When you break it down month-by-month, you:
- Identify slow periods early
- See capacity gaps
- Prepare your workforce
- Know when to push
- Know when to follow up
- Anticipate cash flow
- Eliminate surprises
Monthly forecasts prevent the single most destructive habit in PCB sales: The year-end miracle mindset, hoping December will save the year.
No, it won’t. Not in this industry or this market, with this competition. Monthly forecasting makes the entire team accountable—every month, every week, every day.
5. Tie Sales Activity Directly to Forecast Outcomes.
Forecasting is what your team does, not just what customers say. Every forecast should be directly connected to:
- Daily communication
- Weekly customer touches
- Monthly pipeline reviews
- Target account progress
- Opportunity follow-up
- RFQ movement
- Quote-to-win ratios
- Proposal turnaround time
- Responsiveness
- Engineering support
- Technical engagement
- New project identification
Activity drives the pipeline, which drives opportunities. That drives bookings, and, in turn, your forecast. So, if your team isn’t consistently active, your forecast will consistently fail.
A Story Every Company Should Pay Attention To
Several years back, I watched a company go from chaos to control,and it had nothing to do with technology. They simply built a disciplined forecasting process by:
- Talking to every customer.
- Getting honest about upcoming risks.
- Building monthly numbers instead of annual hopes.
- Tracking activities that fed the pipeline.
- Running weekly reviews with no excuses.
- Updating every month based on real data.
Within one year they went from:
- Constant surprises to predictable flow
- Reactive chaos to controlled growth
- Panic hiring to planned hiring
- Scrambled scheduling to smooth scheduling
- Unstable cash flow to predictable cash flow
- Guessing to knowing
They didn’t grow because they improved their shop. They grew because they improved their visibility. That’s the power of forecasting done right.

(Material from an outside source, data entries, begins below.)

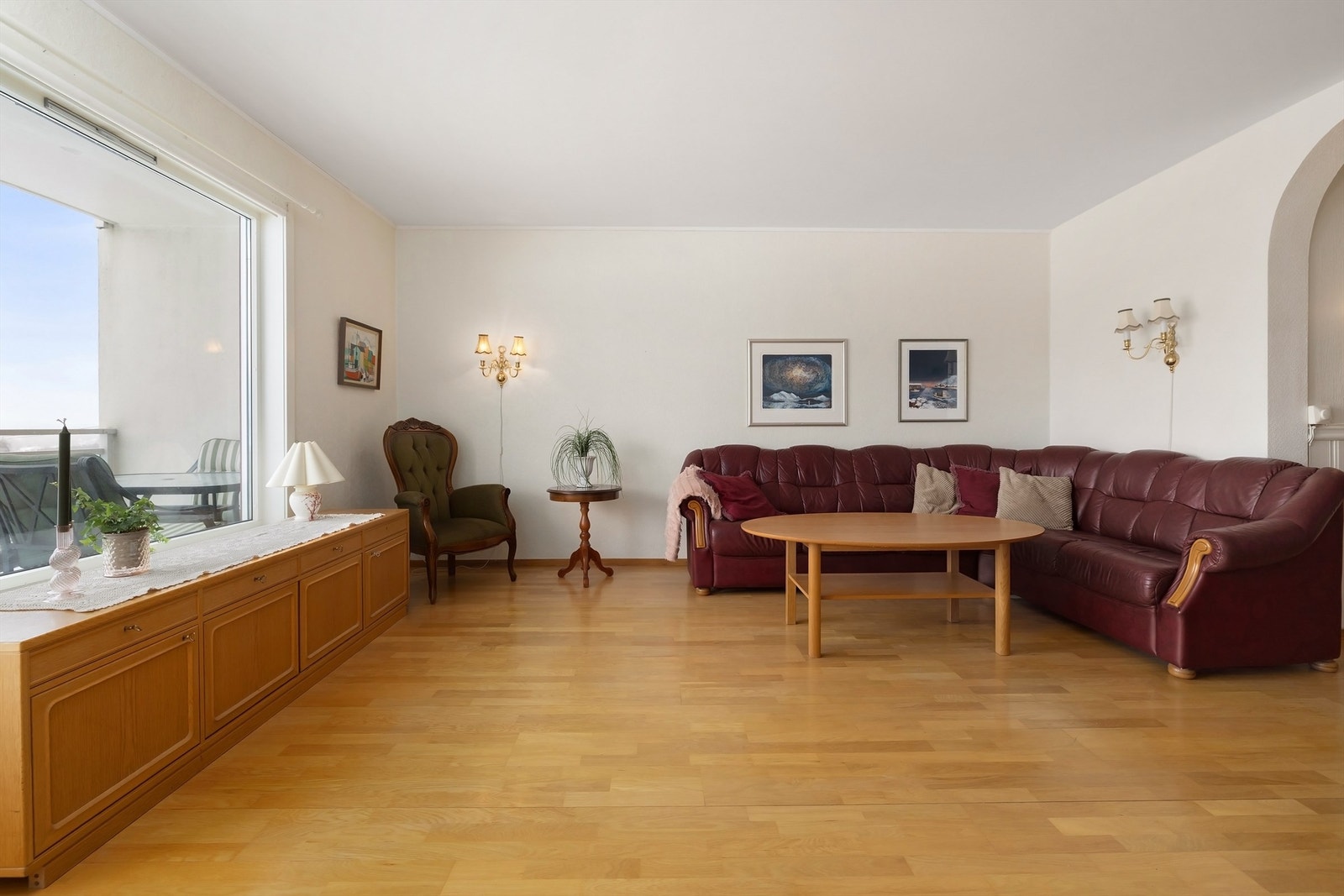 Overflater med parkett på gulvet, lyse overflater og store vinduer som sikrer gode lysforhold. Galleribilde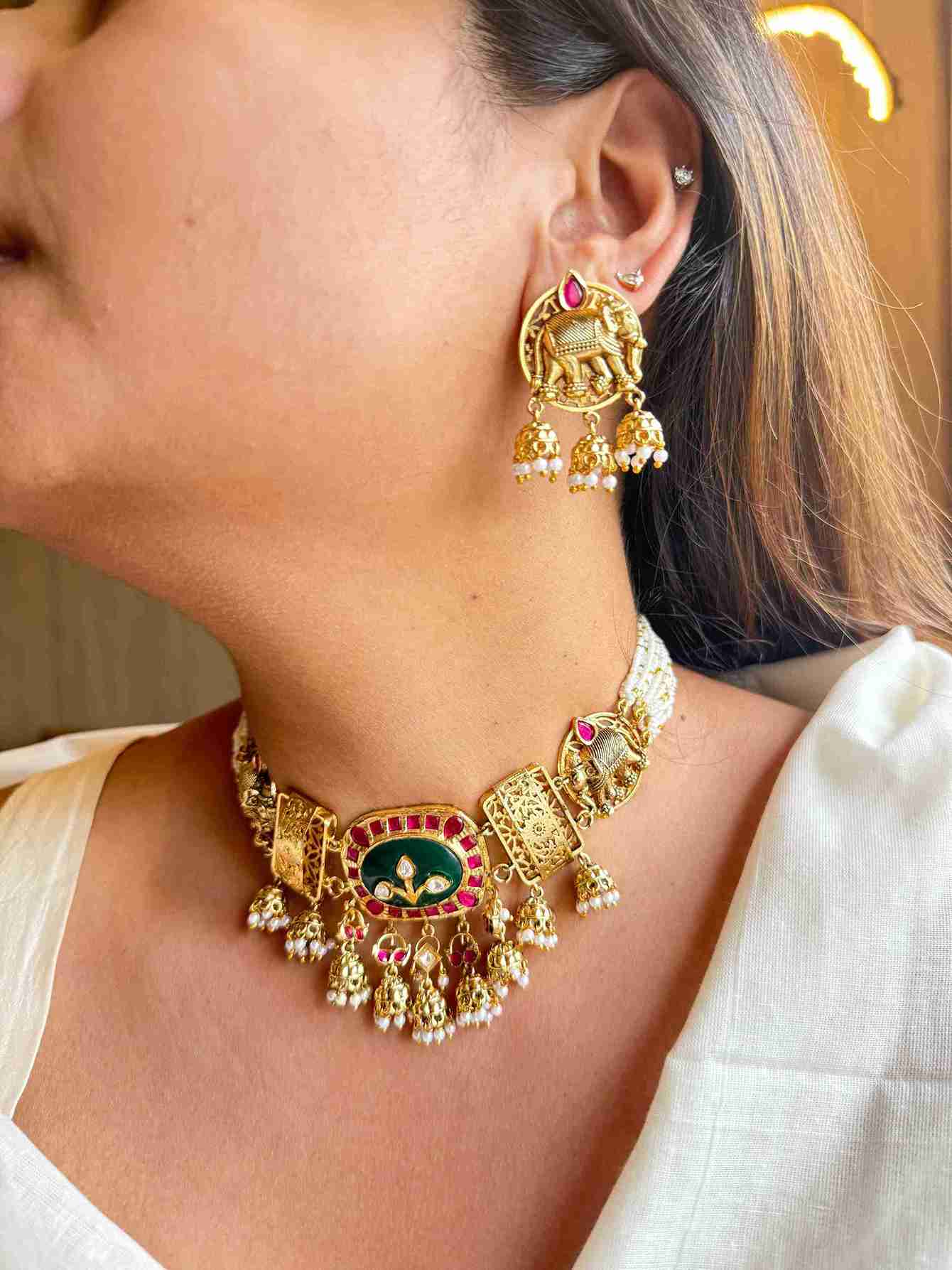 MODERN TEMPLE CHOKER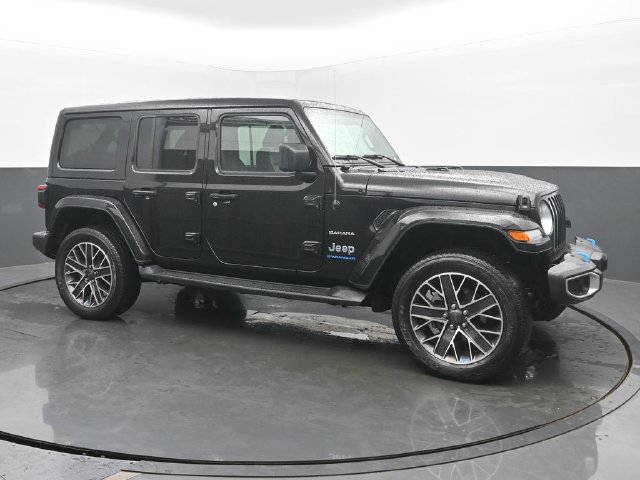 Used 2023 Jeep Wrangler Unlimited Sahara w/ Cold Weather Group AWD/4WD image 7
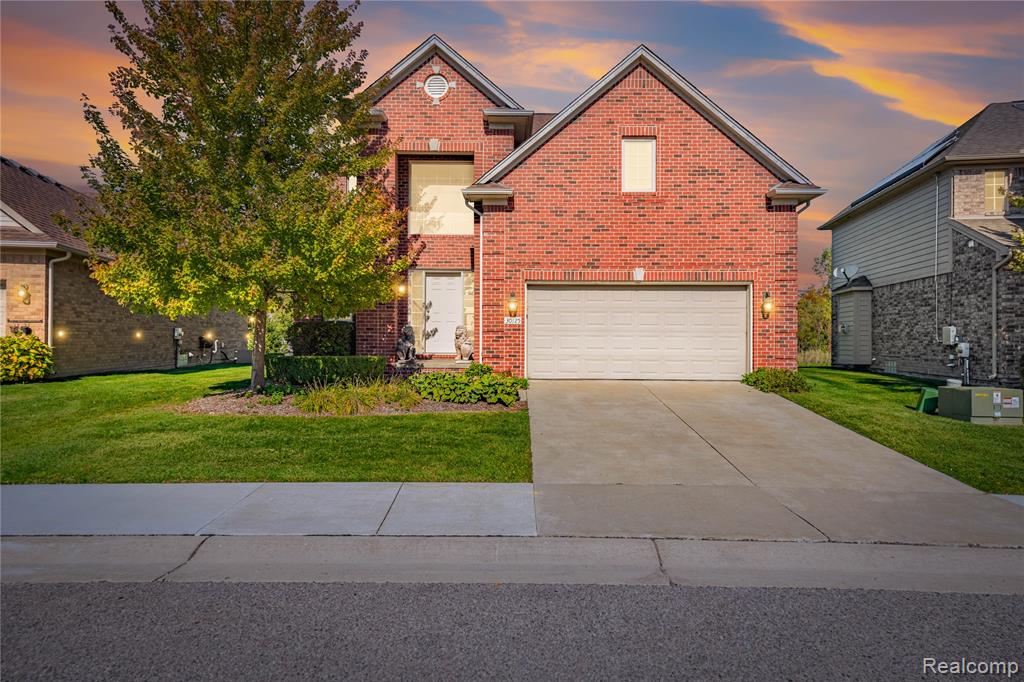 30125 Trailwood Drive, Warren, MI 48092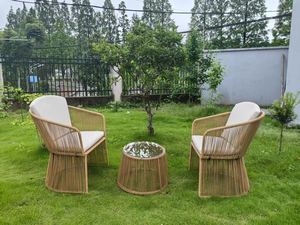 Ensemble de salon moderne en rotin durable avec deux places, coussins blancs et table d'appoint en verre – Idéal pour patio et jardin - Product Image 2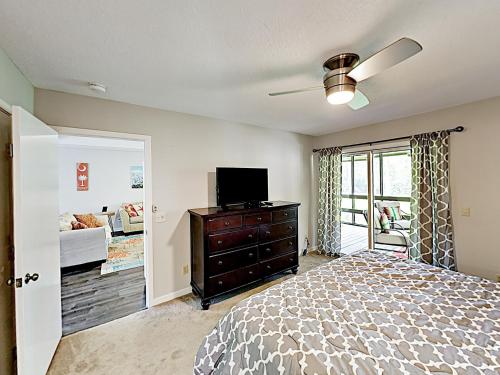 Secluded Retreat: Hot Tub Pool 3 Miles To Beach Home - image 3
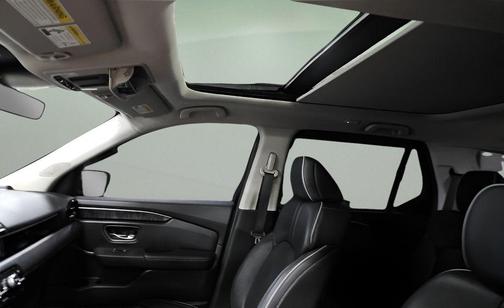 Crystal Black Pearl 2023 Honda Pilot AWD Elite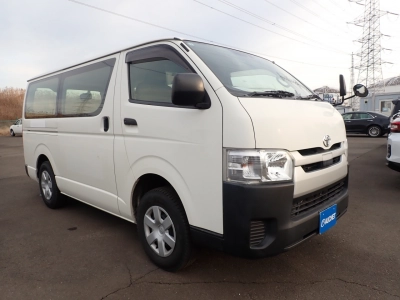 TOYOTA HIACE VAN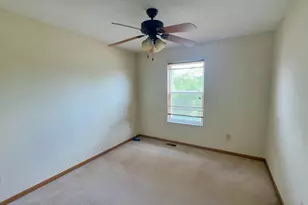 2545 Bellaston Ct, Grove City, OH 43123 - Photo 10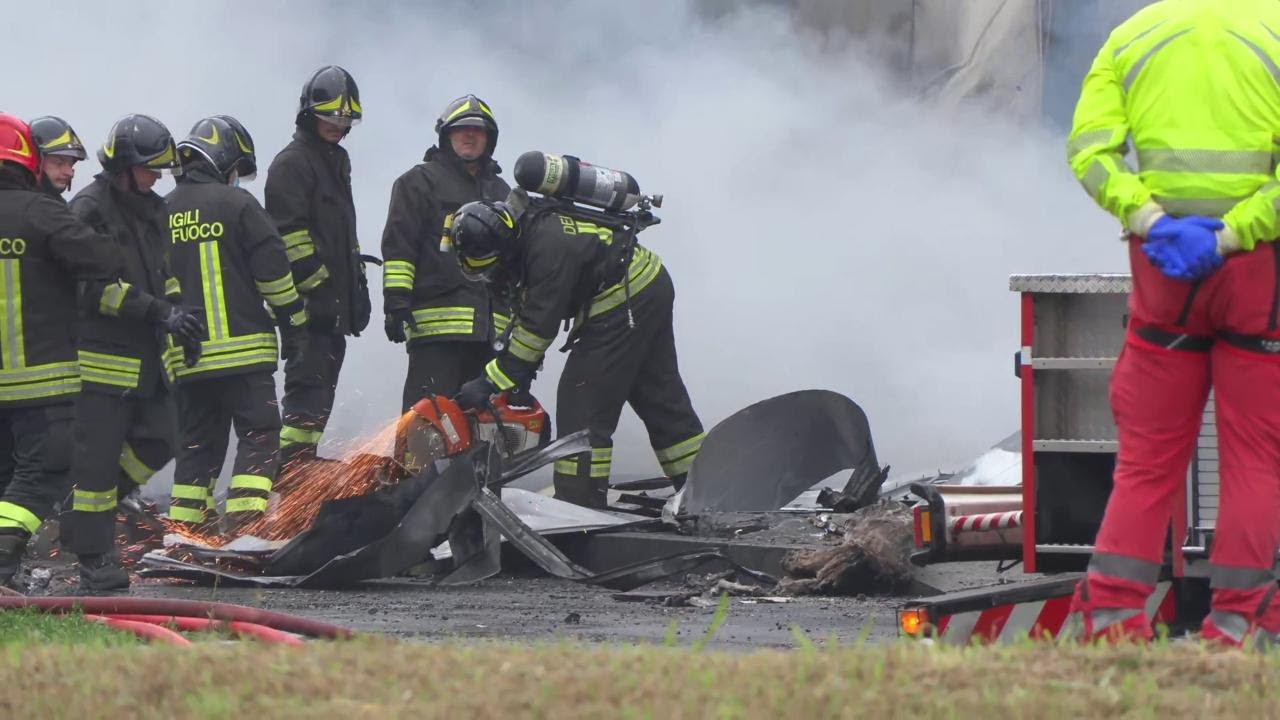 San Donato Milanese, aereo precipita su parcheggio: i vigili del fuoco a lavoro tra i detriti
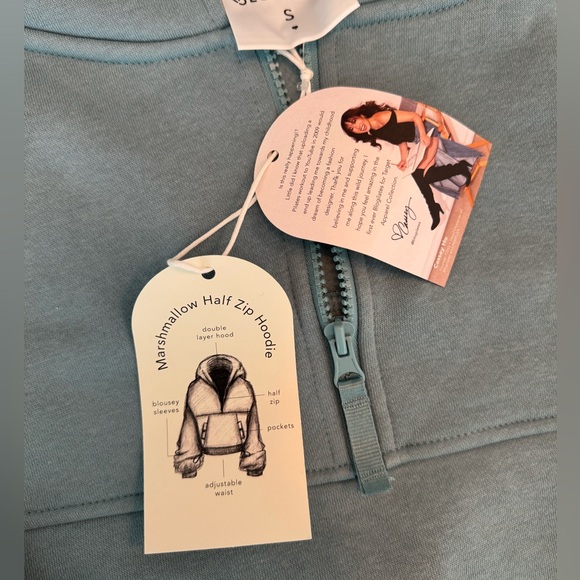 NWT Blue Blogilates / Pop Flex for Target Marshmellow Hoodie Size Small - Picture 7 of 7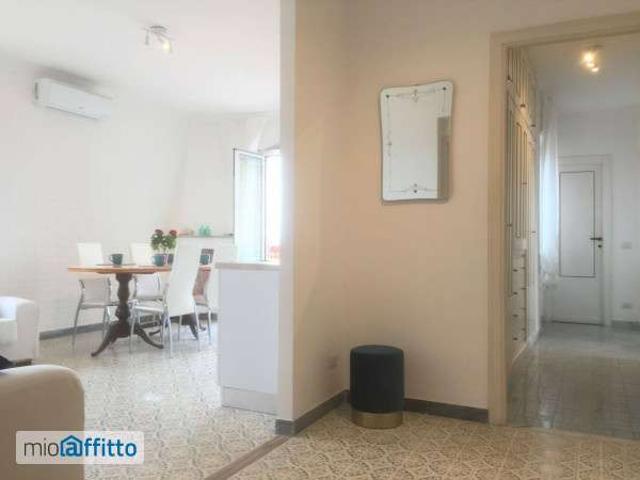 Attico arredato con terrazzo Anzio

The Common-Sense Bottom Line
Stop guessing or hoping. Stop forecasting from memory or tradition. Start by understanding what customers will build and when, what technology they’ll need, what volumes to prepare for, and the risks and opportunities that will emerge. Know your pipeline, your activity, and your momentum
Companies with strong forecasting don’t fear the future. They shape it. Companies without forecasting don’t plan their year. They survive it.
In 2026, survival isn’t the goal. The goal is to win, grow, and lead.
Dan Beaulieu is president of D.B. Management Group and an I-Connect007 columnist.